(Crawled caption data)
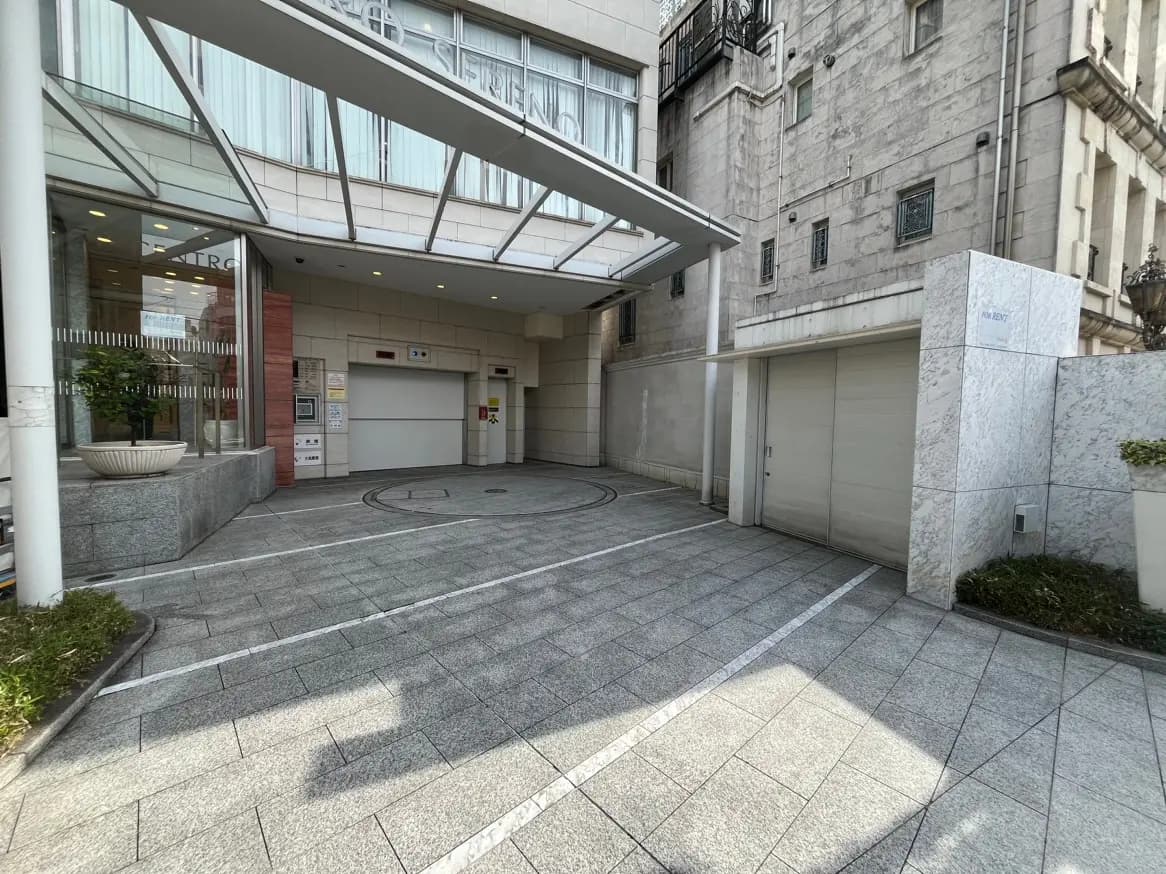 モダンな建築スタイルのビルエントランスとターンテーブル付きの駐車スペース
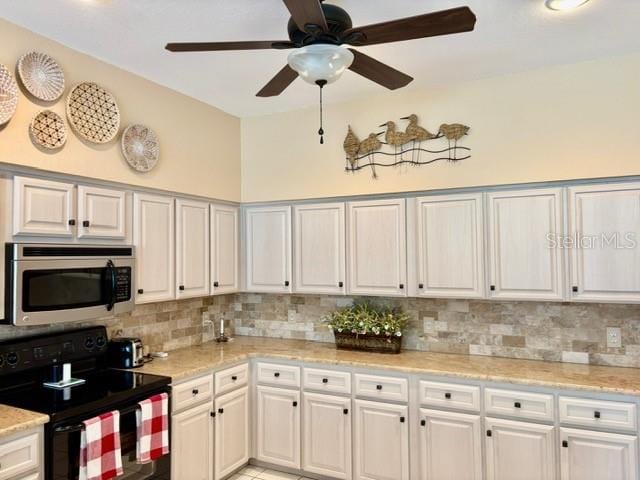 19480 SW 100th Loop, Dunnellon, FL 34432 - kitchen featuring stainless steel microwave, black range with electric stovetop, ceiling fan, and tasteful backsplash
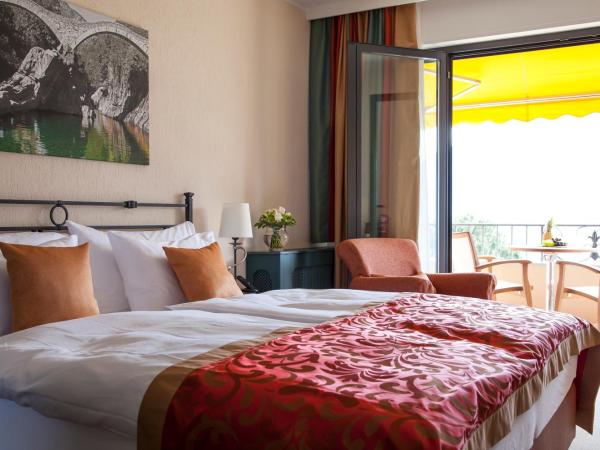 Boutique-HOTEL REMORINO, a Private Selection Hotel : photo 4 de la chambre chambre double supérieure - vue sur lac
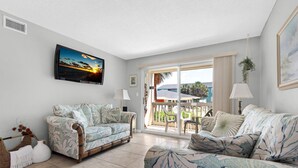 A living room with two patterned sofas, a coffee table, a TV mounted on the wall, and a sliding glass door leading to an outdoor area with a view of palm trees and a building.
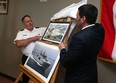 Lt.-Cmdr. Robert Head and MP Jeff Watson (right) reveal the name of HMCS Frederick Rolette which will be attached to a soon to be built Arcitc/Offshore Patrol Ship at the HMCS Hunter in Windsor on Thursday, July 16, 2015.                         (TYLER BROWNBRIDGE/The Windsor Star)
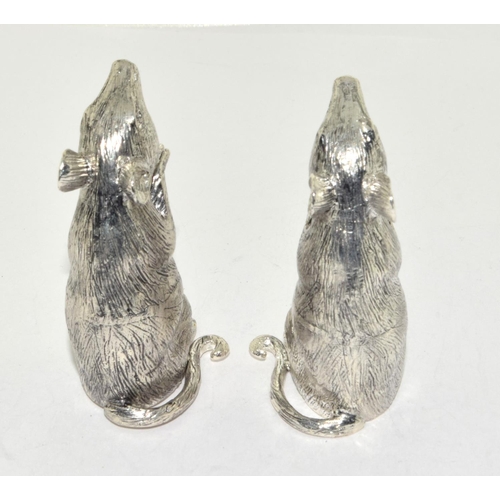 409 - A pair of silver plated mouse shaped condiments.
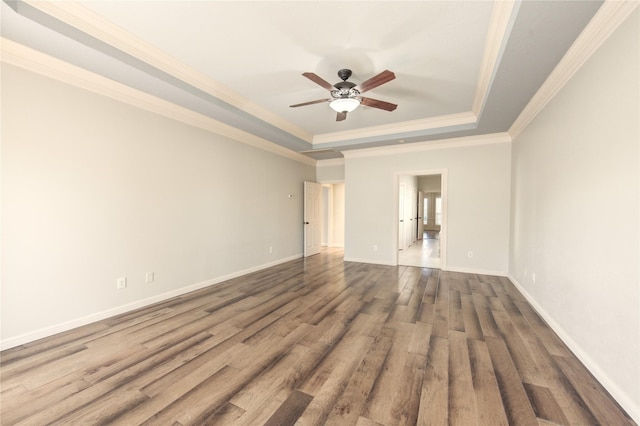 empty room featuring crown molding, ceiling fan, a raised ceiling, and hardwood / wood-style floors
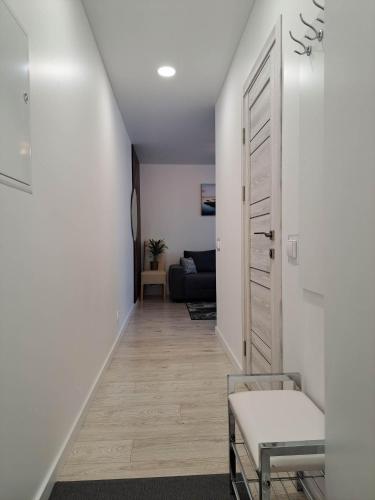 un corridoio che conduce a un soggiorno con divano di Trumpalaikė apartamentų nuoma centre (Vytauto g.) a Šiauliai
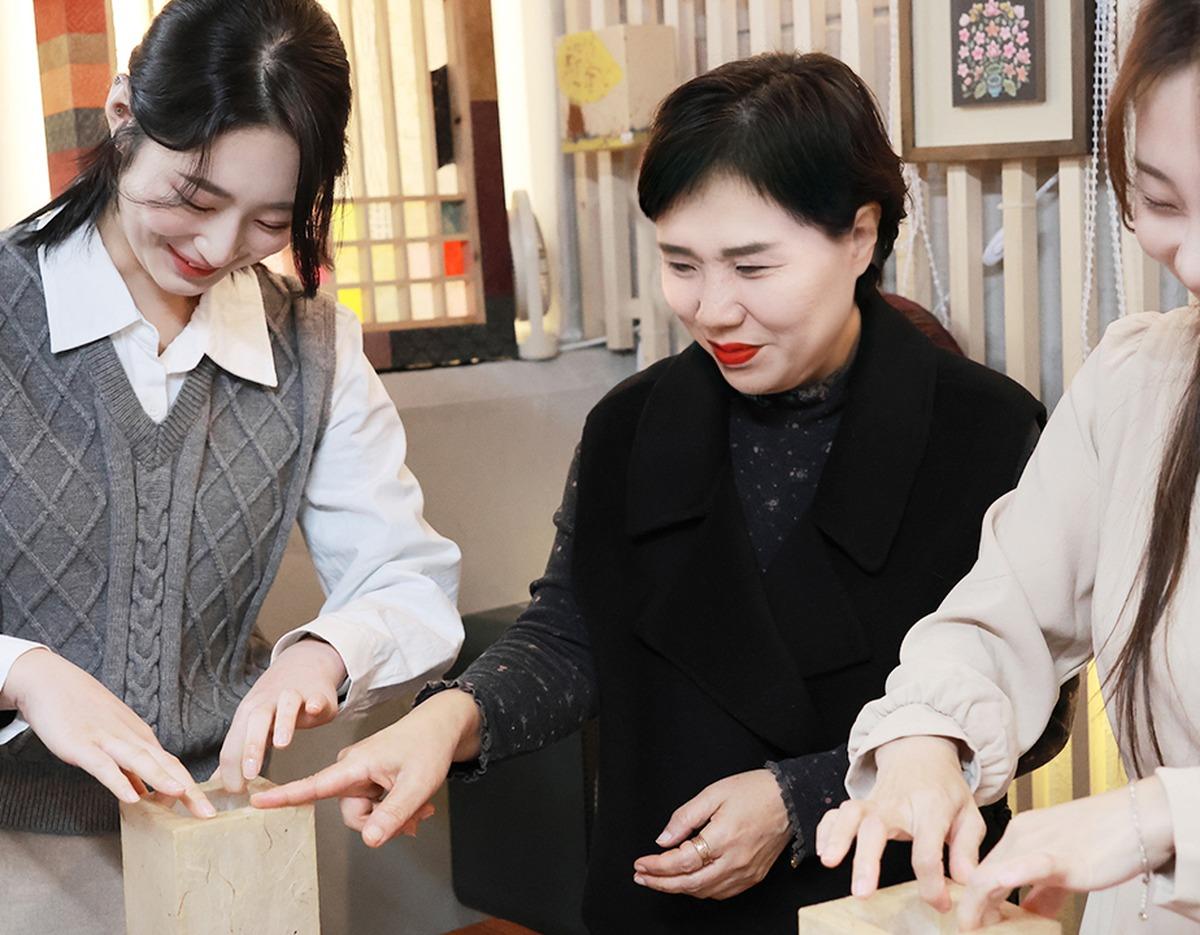 跟著名匠指导制作韩纸工艺的样子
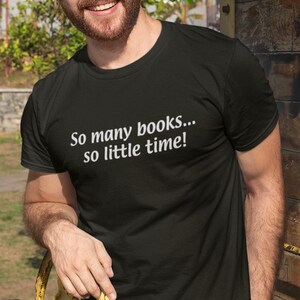 以下が含まれることがあります： 白い文字で「So many books... so little time!」と書かれた黒いTシャツ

Exercise directions: For this exercise, reproduce the data above exactly from the line containing "empty room featuring" through its final line, both ends included, with no pictures in the copy.

Result for this task:
 empty room featuring crown molding, ceiling fan, a raised ceiling, and hardwood / wood-style floors
 un corridoio che conduce a un soggiorno con divano di Trumpalaikė apartamentų nuoma centre (Vytauto g.) a Šiauliai
 跟著名匠指导制作韩纸工艺的样子
 以下が含まれることがあります： 白い文字で「So many books... so little time!」と書かれた黒いTシャツ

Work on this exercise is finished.